Last night I dreamt that I was living in a house with about 5 other people. Three women and three men. It was almost as if I was in college, we had something in common in that way. The house was painted red, sort of an older house with things finagled around to work. There was only one large bedroom where we all slept. The bunk bed were three stories high, men on one side, women on the other. Two closets to be shared by all. It seemed nice though as apposed to cramped. It was because we all liked and or "got" each other. I was going to go out with KW. He had asked and it sounded like fun. I was going to jump in the shower but then I heard he had a phone call. His best friend asked him to a movie at The Mission, so he was going to cancel. Then  girl walked in as if looking to move-in. I thought I would tell her all of the oddities... no sink in the bathroom, no private room, etc. etc. to see if she could fit easily there.



Then I dreamt I was outside somewhere. I saw a women with her two children moving a piece of furniture. She was driving a cube van. When first looked inside it was as if she had made it into a little mobile home. I thought I had seen cabinetry and countertops. When I looked again it was custom furniture. She was a furniture maker as well as would refurbish furniture. That sounded creative and fun to me and I told her so. She paused and then asked if I would be interested in learning the trade. I was so excited. I forgot how much I loved to work with my hands and it sounded like such a breath of fresh air in comparison to what I currently did. 

Monday, July 22, 2013

car memory

I dreamt that I was on a road trip with RVB. It was exciting to be with him but something made me feel doubts, not sure what exactly. We came to a small European town and were going to find a hotel. We parked. He went to go get keys and so on. I got in the car to move it closer and pushed the wrong button. They car had memory buttons and all of a sudden it started going in a direction. I knew it was to his family, his new baby. I wanted to stop it so it wouldn't go, and I wanted to confront him as he said it wasn't an issue and didn't exist anymore for him. My stomach sunk but at the same time I was glad to find the truth sooner rather than later.
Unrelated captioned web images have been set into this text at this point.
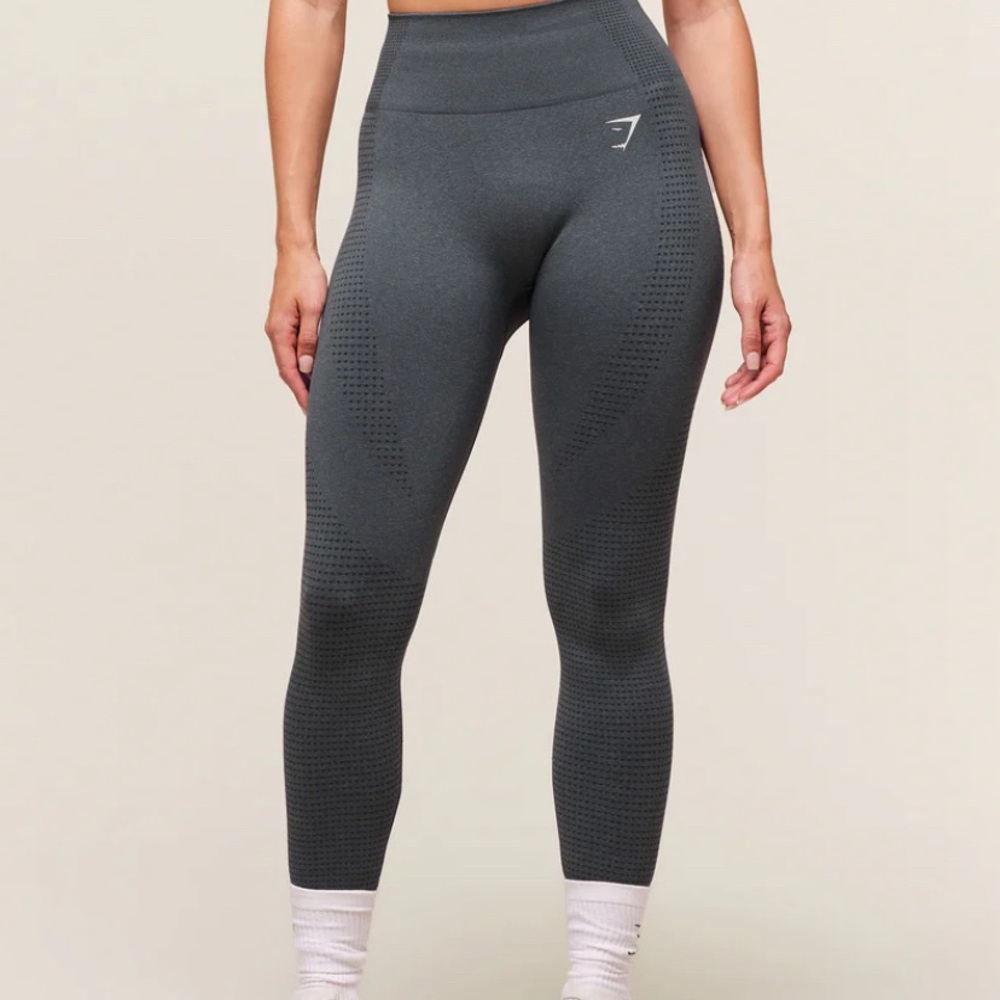 Gymshark Dark Gray Seamless Leggings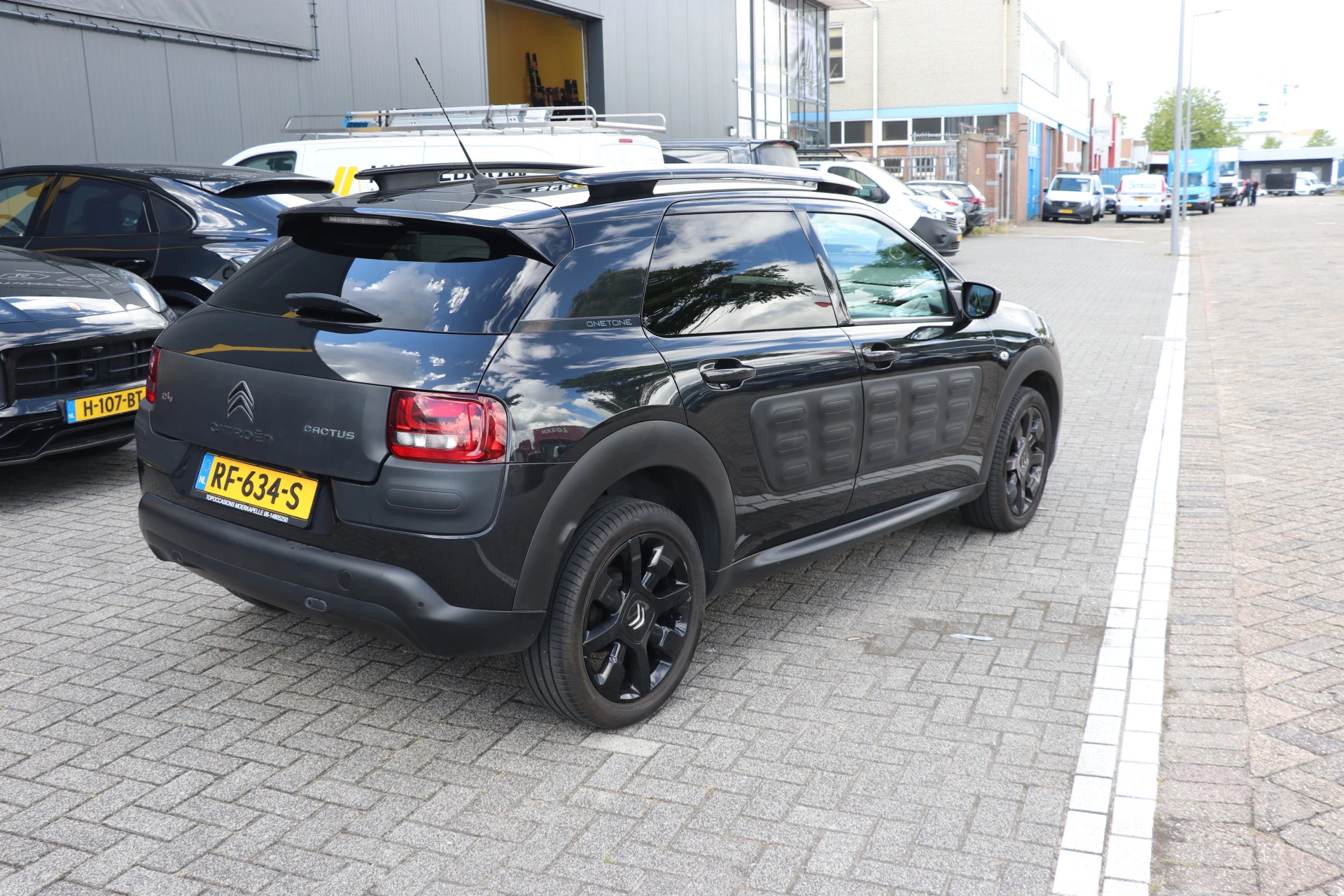 Hoofdafbeelding Citroën C4 Cactus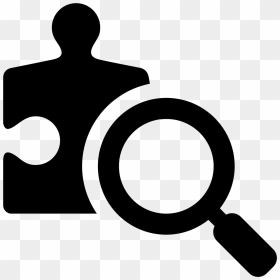 Transparent White Magnifying Glass Icon Png - Identification Icon, Png Download - magnifying glass icon png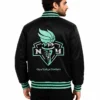 Liberty Twin Flame Varsity Jacket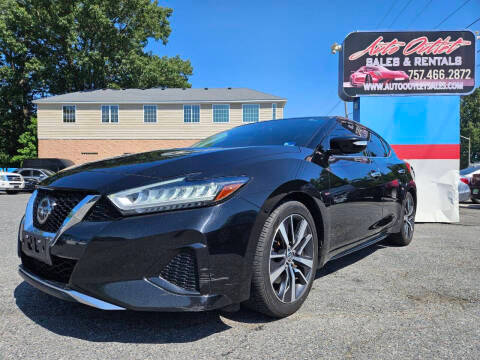 2019 Nissan Maxima SV FWD photo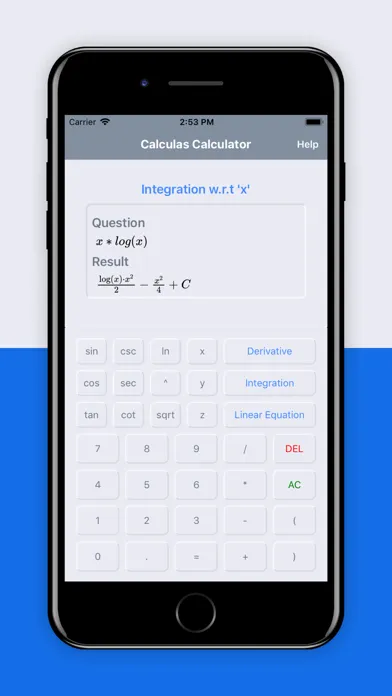 صور Scientific Calculus Calculator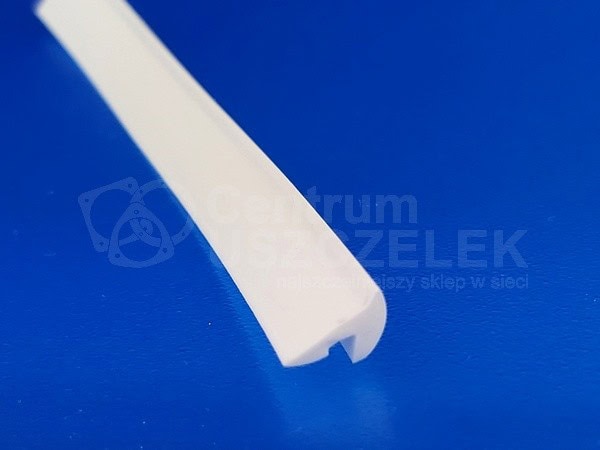 Uszczelka szyby biała 026085-02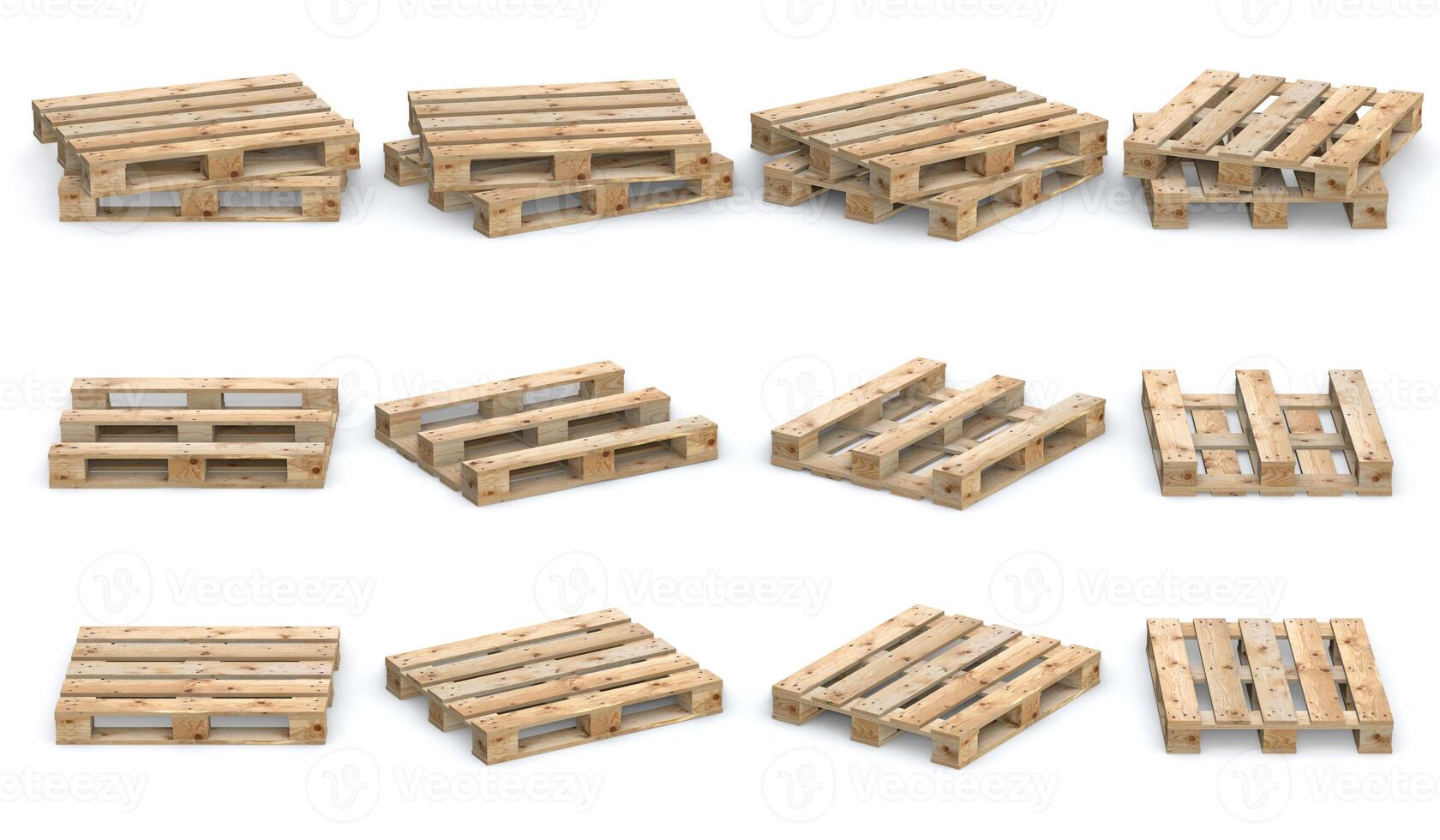 Wooden Pallet Set photo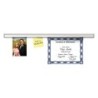 Grip-a-Strip® Display Rail, 9 Inch, Satin, Medium Size
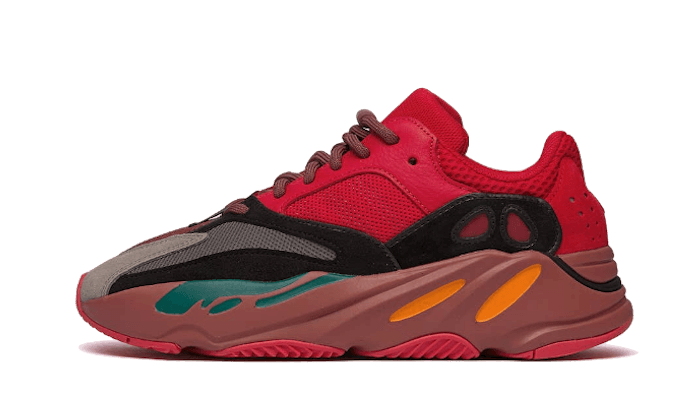 Adidas Yeezy 700 Hi-Res Red - image 1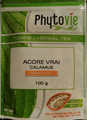 Phytovie Acore Vrai Calamus herbal tea – Front label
Thursday, September 06, 2012

construction

I dreamt I was near a building. I think I worked there or was supposed to look up something there. It felt not welcoming, like I had to do this work, although it was sneaky and not right. I didn't like it. Then I was walking down a street. It seemed it was evening. I wasn't sure how to get back to where I needed to be. I walked down one path, but then I felt it was the wrong way, but I just kept going hoping I would find a shortcut to where I wanted to be. The further I walked, the more I felt like I wouldn't be able to get where I wanted to go. I don't understand why I kept going down that path.

Then I was outside a building. It seemed like construction workers or even firemen were doing something to the building. There were tall ladders and cranes, hard hats and roped off areas. My dad was there in a truck. We were waiting for something to be done. I didn't like being there, I didn't like having to take the "back seat," even though I knew I was more capable. But I just bit my lip and did what would make everyone else comfortable

Tuesday, June 05, 2012

orchard spaniels

I dreamt I was at my grandpa's orchard that he used to have. I could see a man out working in the orchard and two spaniels dancing around his feet. The man had a dark energy about him. He felt heavy, weighted and anxious. It was as if his soul left him, and all that kept him going was to get to point B. He had that feeling of thoughts spinning in your had of all you "had" to do and get done and that had encompassed him. I didn't want to go near him and I wanted him out of the orchard. I took a closer look at the spaniels, who felt more like joy and love. They were prancing around the man's feet, but I could tell they were starving. I felt an urgency to feed them, but I wasn't sure I had the power to do so. At that moment, the man held one of the dogs heads down and shot the dog in the head several times. I screamed out at the man to stop with every bit of energy I had.

Good lesson.... feed your joy before you become dead inside.